Uploading with AWS CLI
The CLI handles multipart uploads automatically for large files. Configure the threshold and other parameters as needed:
aws s3 cp large-file.iso s3://bucket-name/ \
--storage-class STANDARD_IA \
--sse AES256 \
--metadata "description=backup"
For fine-grained control, set multipart threshold and chunk size in your AWS config:
[default]
s3 =
multipart_threshold = 100MB
multipart_chunksize = 256MB
max_concurrent_requests = 10
The CLI also supports --expected-size to optimize the upload strategy upfront:
aws s3 cp large-file.iso s3://bucket-name/ \
--expected-size 2000000000 \
--no-progress
Python Uploads with Boto3
Use boto3’s resource API for automatic multipart handling with configurable thresholds:
import boto3
from botocore.config import Config
s3_resource = boto3.resource('s3')
bucket = s3_resource.Bucket('bucket-name')
bucket.upload_file(
'large-file.iso',
'key-name',
Config=Config(
multipart_threshold=100 * 1024 * 1024,
multipart_chunksize=256 * 1024 * 1024,
max_concurrent_requests=10
)
)
For resumable uploads or custom retry logic, the client API with manual part management gives more control:
import boto3
s3_client = boto3.client('s3')
response = s3_client.create_multipart_upload(Bucket='bucket-name', Key='key-name')
upload_id = response['UploadId']
# Upload parts with retry logic
parts = []
with open('large-file.iso', 'rb') as f:
part_num = 1
while True:
data = f.read(256 * 1024 * 1024)
if not data:
break
part_response = s3_client.upload_part(
Bucket='bucket-name',
Key='key-name',
PartNumber=part_num,
UploadId=upload_id,
Body=data
)
parts.append({
'ETag': part_response['ETag'],
'PartNumber': part_num
})
part_num += 1
s3_client.complete_multipart_upload(
Bucket='bucket-name',
Key='key-name',
UploadId=upload_id,
MultipartUpload={'Parts': parts}
)
Managing Incomplete Uploads
Multipart uploads that fail or get interrupted leave orphaned parts in S3, which incur storage charges. Clean these up regularly:
# List incomplete uploads
aws s3api list-multipart-uploads --bucket bucket-name
# Abort a specific upload
aws s3api abort-multipart-upload \
--bucket bucket-name \
--key object-key \
--upload-id upload-id
Use S3 lifecycle policies to automatically clean up incomplete multipart uploads after a set number of days:
{
"Rules": [
{
"Id": "cleanup-incomplete-uploads",
"Status": "Enabled",
"AbortIncompleteMultipartUpload": {
"DaysAfterInitiation": 7
}
}
]
}
Apply the policy:
aws s3api put-bucket-lifecycle-configuration \
--bucket bucket-name \
--lifecycle-configuration file://lifecycle.json
Network and Performance Considerations
S3 doesn’t throttle uploads by object size, but real-world throughput depends on:
- Available network bandwidth from your source
- Number of parallel connections and threads
- Geographic distance to the S3 region
- Endpoint type (regional vs. S3 Transfer Acceleration)

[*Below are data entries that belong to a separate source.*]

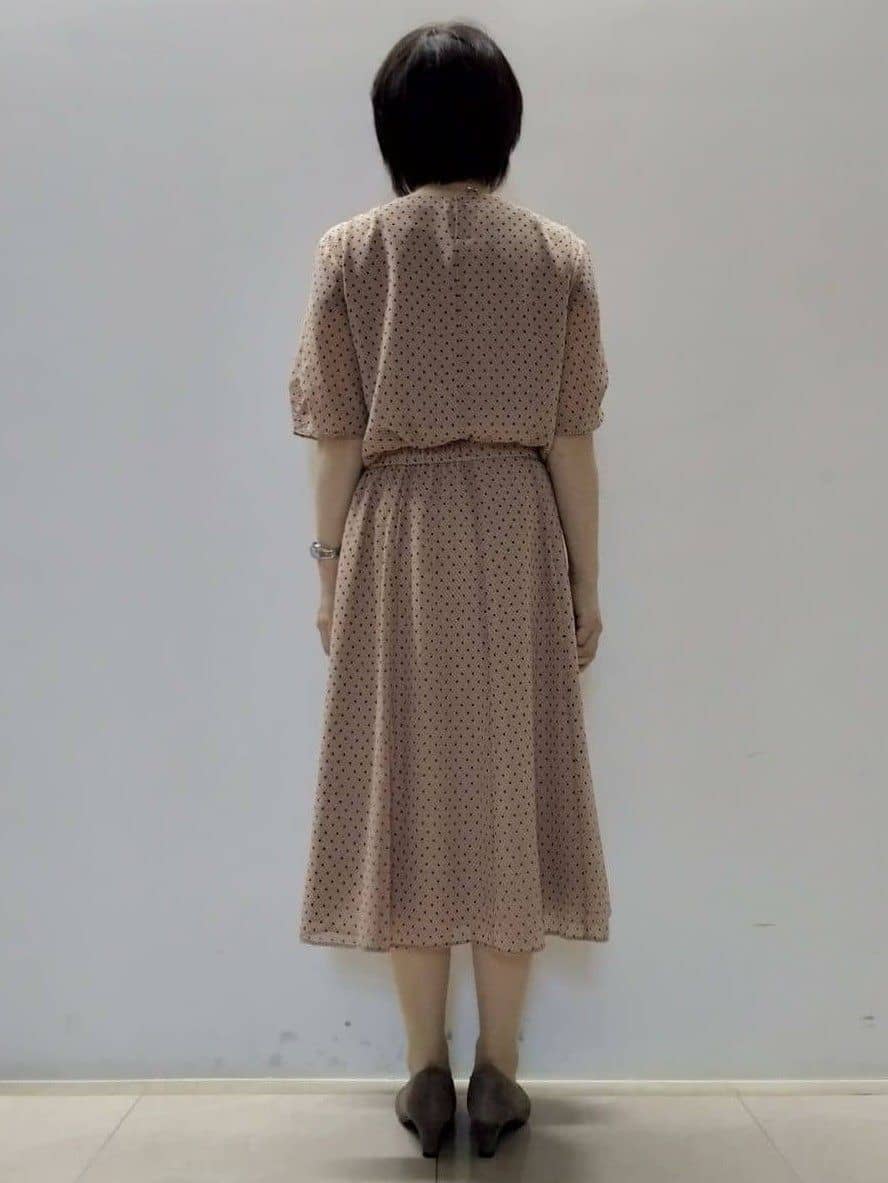 tokuさんの「Reflect｜【マシンウォッシュ可／セットアップ可】コツキ柄プリントブラウス」を使ったコーディネート
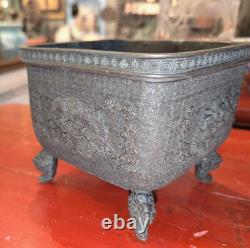 Fine Antique Japanese Bronze Censer with Dragon Sculpture Relief Decoration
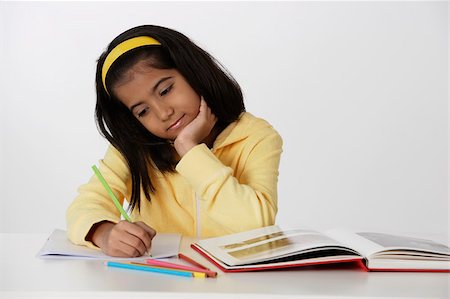 pencil crayon - Girl working with color pencils and book Foto de stock - Sin royalties Premium, Código: 655-02883011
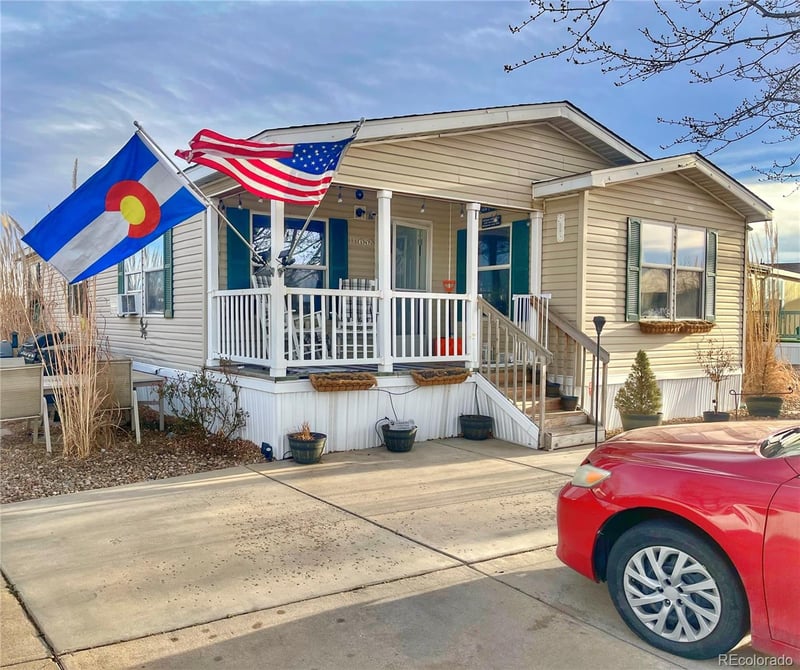 10658 Bald Eagle Cir, Longmont, CO 80504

For multi-gigabyte uploads over slow or unreliable connections, consider AWS DataSync for automatic retry and monitoring, or AWS Snowball for offline transfer of massive datasets.

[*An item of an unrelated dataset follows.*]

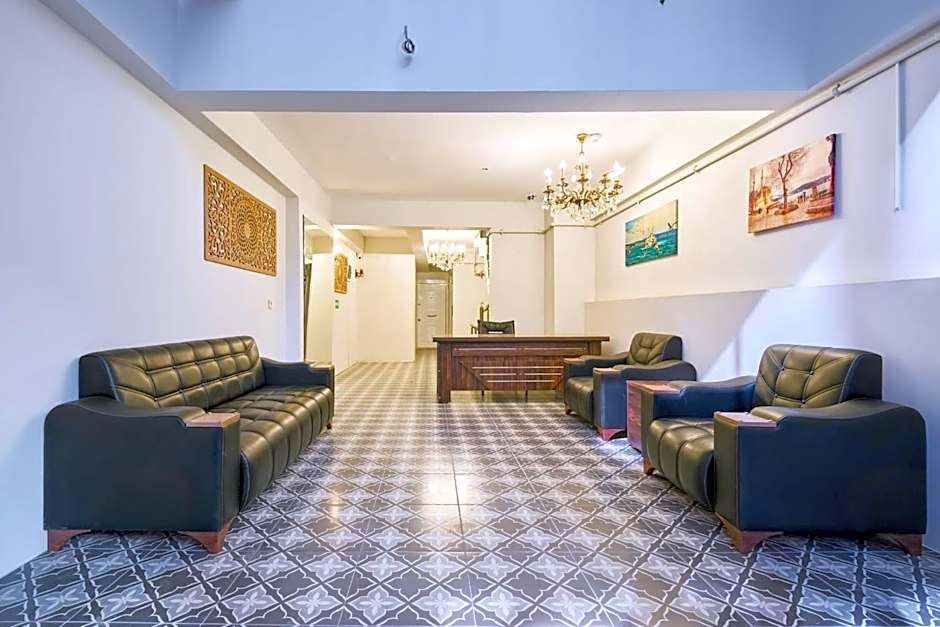 aymira hotel pangaltı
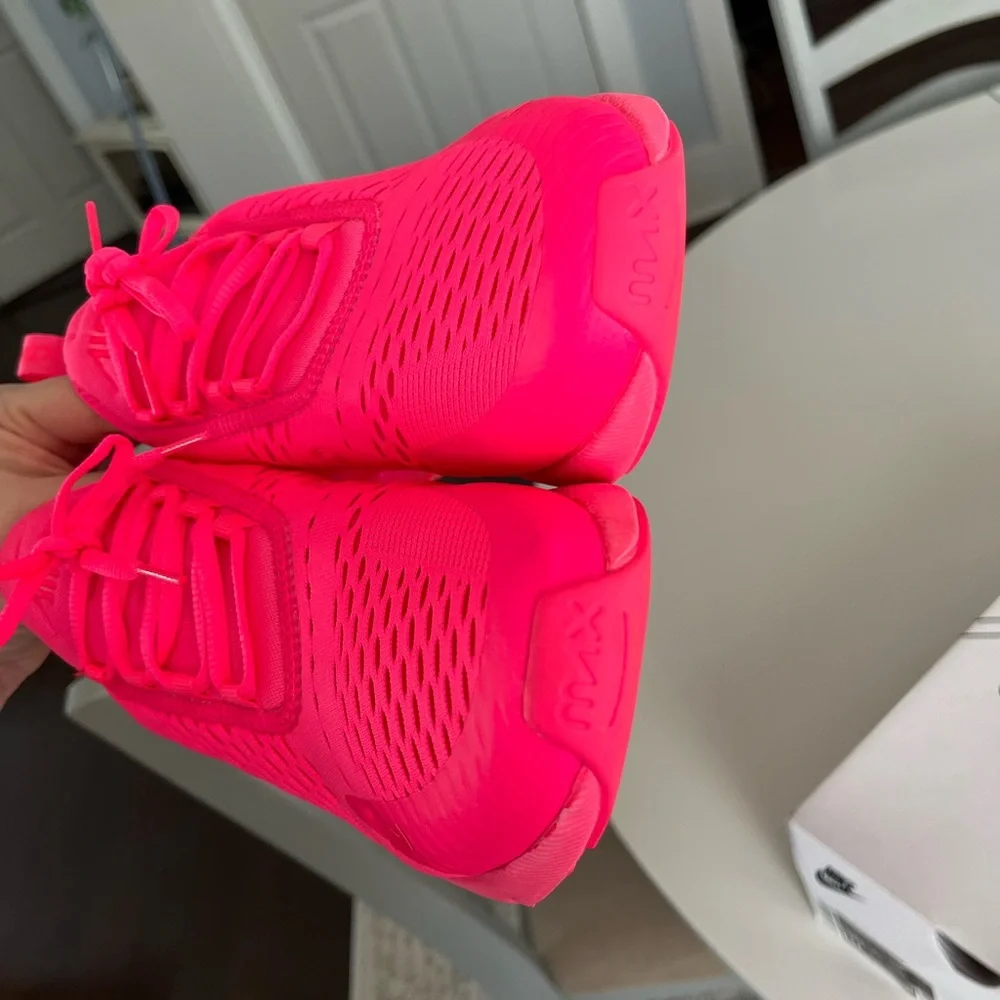 🔥 NIKE | 10 | W Air Max 270 (HYPER PINK) - Picture 8 of 16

Enable S3 Transfer Acceleration for cross-region or international uploads:
aws s3 cp large-file.iso s3://bucket-name/ \
--region us-east-1 \
--endpoint-url https://bucket-name.s3-accelerate.amazonaws.com
Storage Class Behavior
The 5TB limit applies consistently across all storage classes: Standard, Intelligent-Tiering, Standard-IA, Glacier, and Glacier Deep Archive. Object size alone doesn’t influence which storage class to use — base that decision on access patterns and retention requirements instead.